I was quiet for a moment, then picked out seven. Because of course I needed seven bell peppers. And it makes total sense to pick an odd number like that.

The recipe that I selected when I got home called for four peppers. I thought about cutting it down, since it was just hubby and I, but then I figured I’d leave it as-is and have plenty for lunch the next day. I selected two greens and two reds.


I cut off the tops and then hollowed them out, scraping out the seeds and membranes.


Plop them in some boiling water for a few minutes.


And then rinse in cold water to stop the from cooking. It actually smelled pretty good at this point.


I set them up on paper towels to drain. And started wondering if they were cooked a tad too long, since they were soft and kind of droopy.
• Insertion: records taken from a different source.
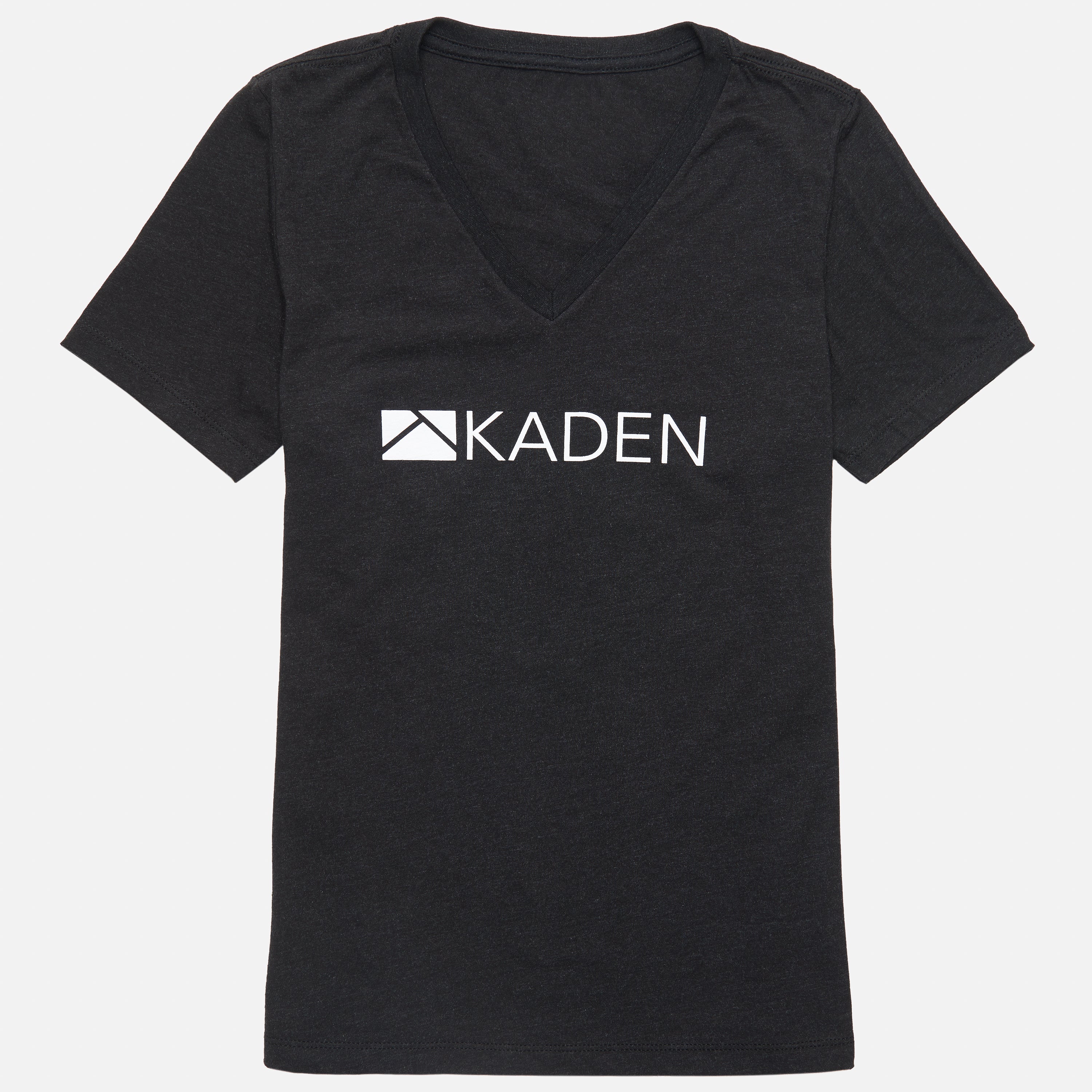 T-Shirt by Kaden Apparel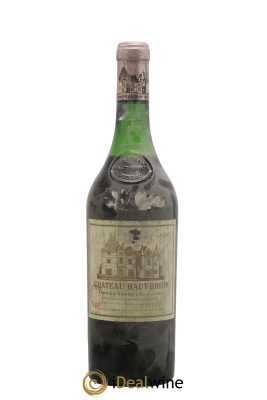 Château Haut Brion 1er Grand Cru Classé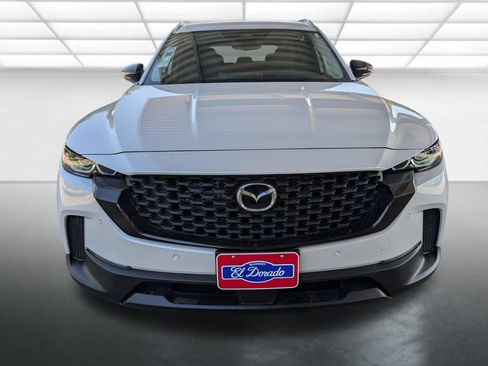 New 2026 MAZDA CX-50 AWD 2.5 S w/ Weather Package image 24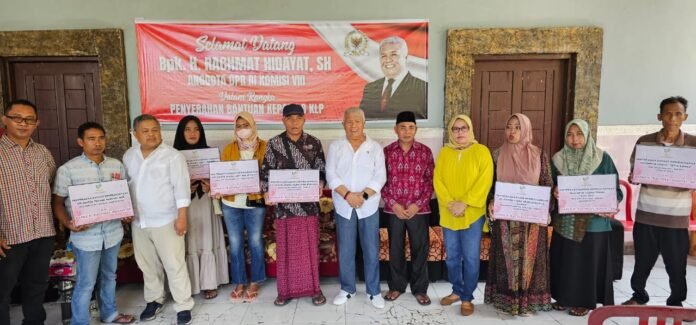 Bantuan Hibah Kewirausahaan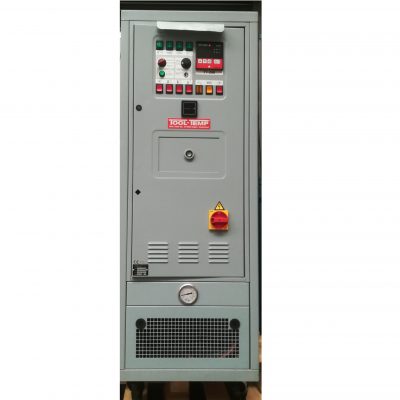 THERMOREGULATEUR 16kW-360°C A HUILE TT 388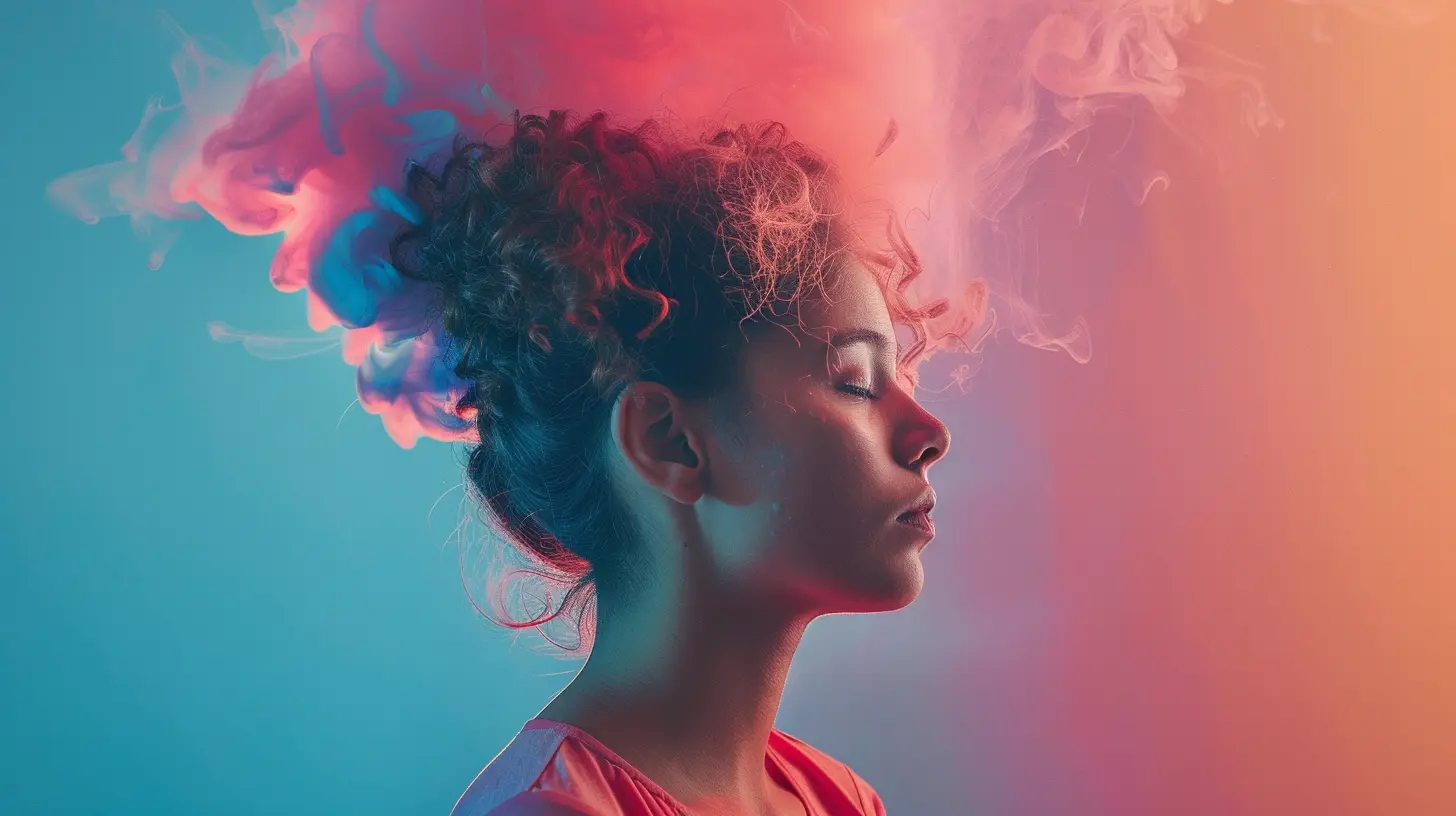 The Power of Positive Affirmations and How to Use Them Effectively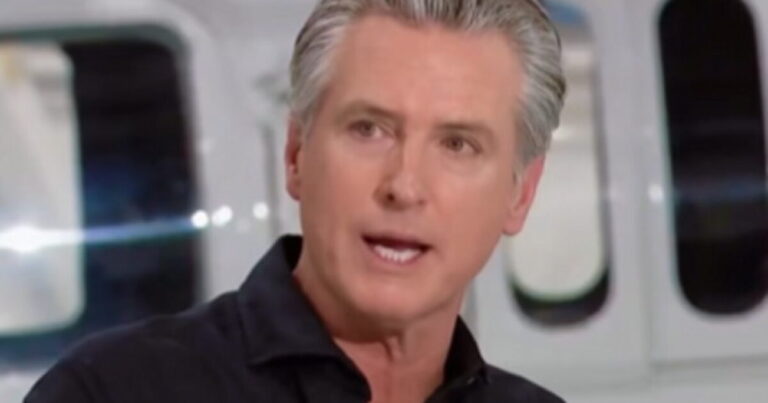 Newsom Signs Ballot ‘Seizure’ Felony Bills; X ‘U.S. Attorney’ Pushes Back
Here’s a little tip that I learned on another site – cut off the bottoms of the peppers so that they’ll stand up all right in the pan.


Now for the stuffing.

Take a pound and a half of beef.


And a cup of cold rice. I had made gumbo the day before and had plenty of rice to spare.


Dump it in with the beef.


Add an egg.


Some chopped onions (also conveniently leftover from making gumbo).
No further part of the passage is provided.